Tell them you're bored with the 3x3, and you want a "bigger challenge" or something. Also, when they come out with an even better cube, say it's out-dated, and use an analogy, like out-dated care from 90's vs today car or something.


----------



## insane569 (Nov 26, 2011)

Take the "R" word out of your post please.
Its very offensive.


----------



## Jokerman5656 (Nov 26, 2011)

pay them. if you want 30 dollars worth, give them 2 twenty's and say that the extra 10 is for them, if they are good parents they will give you the 10 back


----------



## AvidCuber (Nov 26, 2011)

If your parents have the some sorts of values as my parents, tell them that cubing is a hobby, just as music or sports are. My parents are very strict, and put academics first and musical success almost as high, but they understand that cubing is something that I enjoy, albeit a bit unusual. If your parents are willing to pay money for other interests that you may have, such as music or sports, then there is no reason why they shouldn't allow you to spend your own money on something else that you are passionate about.


----------



## Penguino138 (Nov 26, 2011)

TheMachanga said:


> Early birthday gift, christmas gift.
> 
> "The last time I bought was last christmas!" ---works for me because it's true.
> 
> ...


I'm digging your idea or the bigger challenge thing, cause that is actually a true reason of wanting it. I'll have to try some of these. I think one of the biggest reasons they don't want me to get any new ones is because I'm always cubing in the basement alone for hours on end.


----------



## Penguino138 (Nov 26, 2011)

AvidCuber said:


> If your parents have the some sorts of values as my parents, tell them that cubing is a hobby, just as music or sports are. My parents are very strict, and put academics first and musical success almost as high, but they understand that cubing is something that I enjoy, albeit a bit unusual. If your parents are willing to pay money for other interests that you may have, such as music or sports, then there is no reason why they shouldn't allow you to spend your own money on something else that you are passionate about.


 
I really like your idea as well, because my parents sound very similar to yours and are also very strict. I'll try yours first.


----------



## Penguino138 (Nov 26, 2011)

Ok i just got done talking. They said we'll see how I "behave" for a while. Apparently they take it offensively that I spend too much time with my cubes and not enough time with them. My only problem is that I'm the world's most impatient person.......


----------



## Phlippieskezer (Nov 26, 2011)

With a knife.

...Not really. Just ask nicely.


----------



## Edward (Nov 26, 2011)

Penguino138 said:


> Ok i just got done talking. They said we'll see how I "behave" for a while. Apparently they take it offensively that I spend too much time with my cubes and not enough time with them. My only problem is that I'm the world's most impatient person.......


 
Then you'll be okay. Cool, you'll get your cubes now, probably in a week or two of little reminders. (that response usually means they're going to get them for you, as long as you don't do anything major to mess things up)



insane569 said:


> Take the "R" word out of your post please.
> Its very offensive.


I HAVE NEVER UNDERSTOOD IN MY WHOLE LIFE
Why is it offensive?


----------



## ZamHalen (Nov 26, 2011)

Do what I did buy it behind their backs.

Go to a store that sells amazon gift cards for anything (music,books, you can buy whatever with it either way), or money pack etc.
Go home get on your computer and add to x balance on whatever site.
Buy your puzzles.
Get them in the mail.
Open the package.
Remove your puzzles from the packaging.
Then have fun.


----------



## collinbxyz (Nov 26, 2011)

What I do is put in a nice 1-3 month barrier between my last order, pay my mom the amount (maybe an extra dollar or so...or less), then give her a 20 minute massage 

It works every time! Just be very polite and nice, and spend time with them for a day or two.


----------



## wontolla (Nov 26, 2011)

They don't want you to get more cubes because they think: "More puzzles, more time playing with them".

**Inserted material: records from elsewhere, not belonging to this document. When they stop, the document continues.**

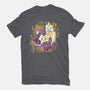 The Kiss-Mens-Premium-Tee-Freecheese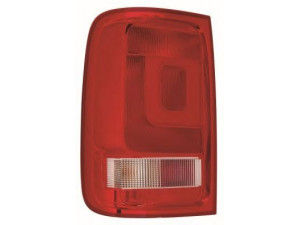 LORO 441-19B5L-LD-UE kombinuotas galinis žibintas 
 Elektros įranga -> Šviesos -> Kombinuotas galinis žibintas/dalys -> Kombinuotas galinis žibintas
2H1945095A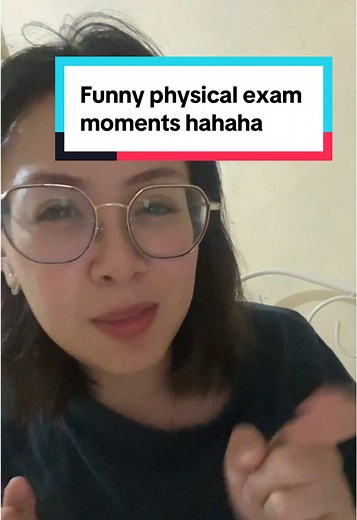 Skl baks. Rectal exam stories hahahahaha #doctorsoftiktok #dermatologist #medicine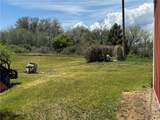 2822 35th Road - Photo 21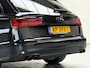 Audi A6 Avant 1.8 TFSI ultra Lease Edition|matrix|Org NL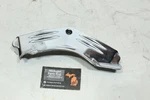 99-06 Harley Twin Cam Chrome Cylinder Base Cover. Fixed Price $50.00.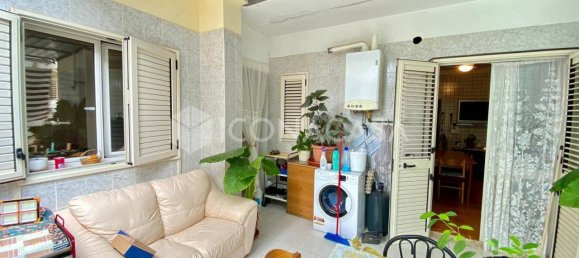 4 rooms Apartment in Bitonto, Italy No. 22502 17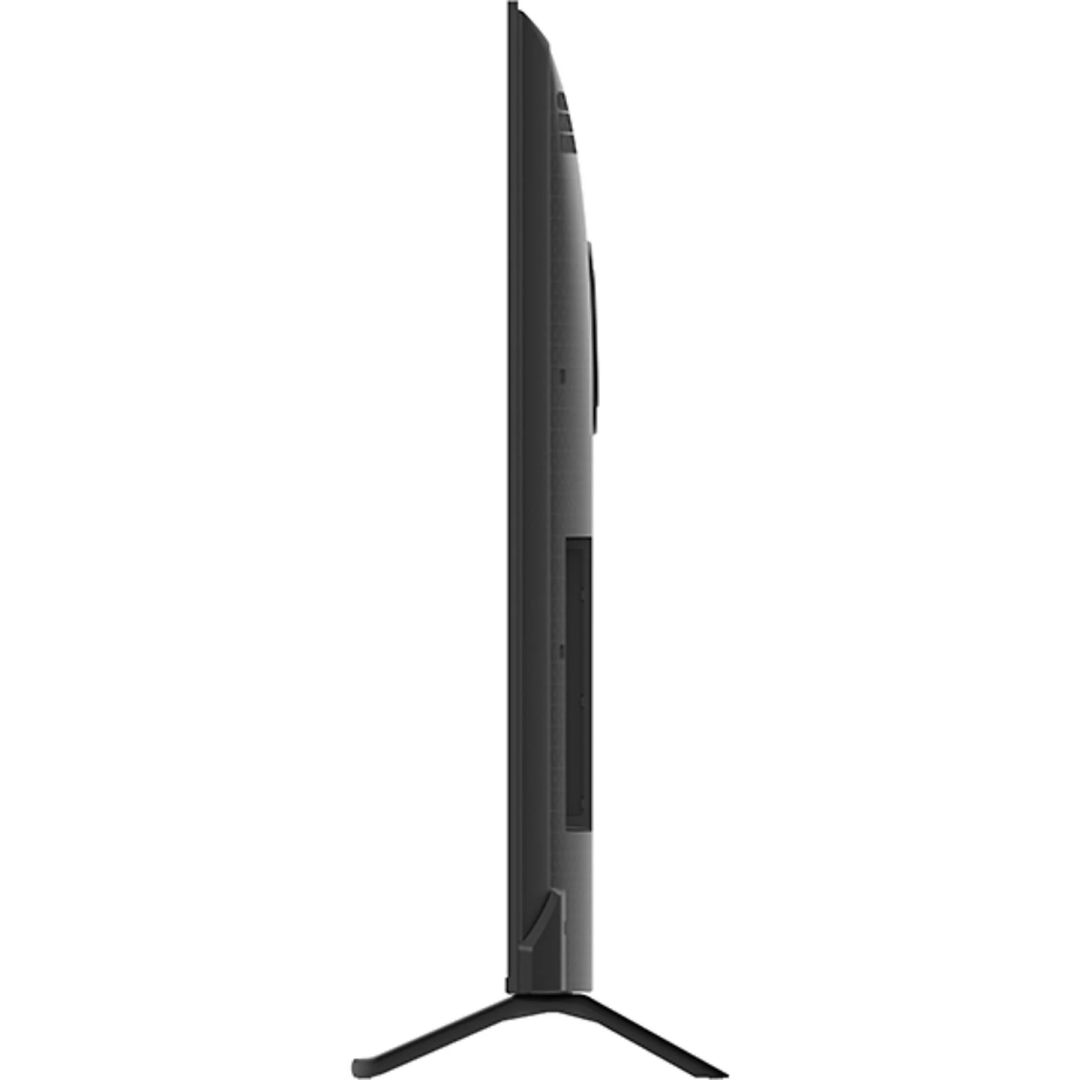 Panasonic 65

Show them that you can manage your time wisely (school, family time, etc) and their worries will be gone.


----------



## Penguino138 (Nov 26, 2011)

Edward said:


> Then you'll be okay. Cool, you'll get your cubes now, probably in a week or two of little reminders. (that response usually means they're going to get them for you, as long as you don't do anything major to mess things up)
> 
> 
> I HAVE NEVER UNDERSTOOD IN MY WHOLE LIFE
> Why is it offensive?



haha! There's no way they're going to buy them. I'd rather buy them myself too. As weird as that sounds.


----------



## fastcubesolver (Nov 26, 2011)

Take them to a competition, so they see how amazing and epic cubing is, and have them watch the 4x4 an 5x5 event, so they will be convinced that you should get the new cubes. 

P.S. When you do get them, get ShengShous from icubemart.


----------



## CubeLTD (Nov 26, 2011)

Hmm. I just go to Walgreens and buy prepaid debit cards and ship cubes to my sister at college and have them bring it home during one of their break.


----------



## Penguino138 (Nov 26, 2011)

fastcubesolver said:


> Take them to a competition, so they see how amazing and epic cubing is, and have them watch the 4x4 an 5x5 event, so they will be convinced that you should get the new cubes.
> 
> P.S. When you do get them, get ShengShous from icubemart.


Haha! They'd never let me go to a comp! Not until I can drive myself anyway! HAHA! Plus theres never any comps near where i live. I was planning on getting them from 51morefun.com if that's ok.


----------



## Sarahjdes (Nov 26, 2011)

Even though I'm in uni now, and that my parents have nothing to say about what I buy, I know my mom doesn't approve it when I get new things, she says I already have so much stuff... So every time I want something new, I throw away something old. So if I want a new reusable waterbottle, I have to get rid of an old one. But I get the point : do I really need 5 bottles? No, 3 will do. So I throw one away and get the one I want. Same thing goes with everything else. Do I really need a new cube? Yes, because mine keeps popping. Do I still need my old these old pants? No, there's a big whole and I've been meaning to repair them for almost a year, so let's face it, I won't repair them. Out.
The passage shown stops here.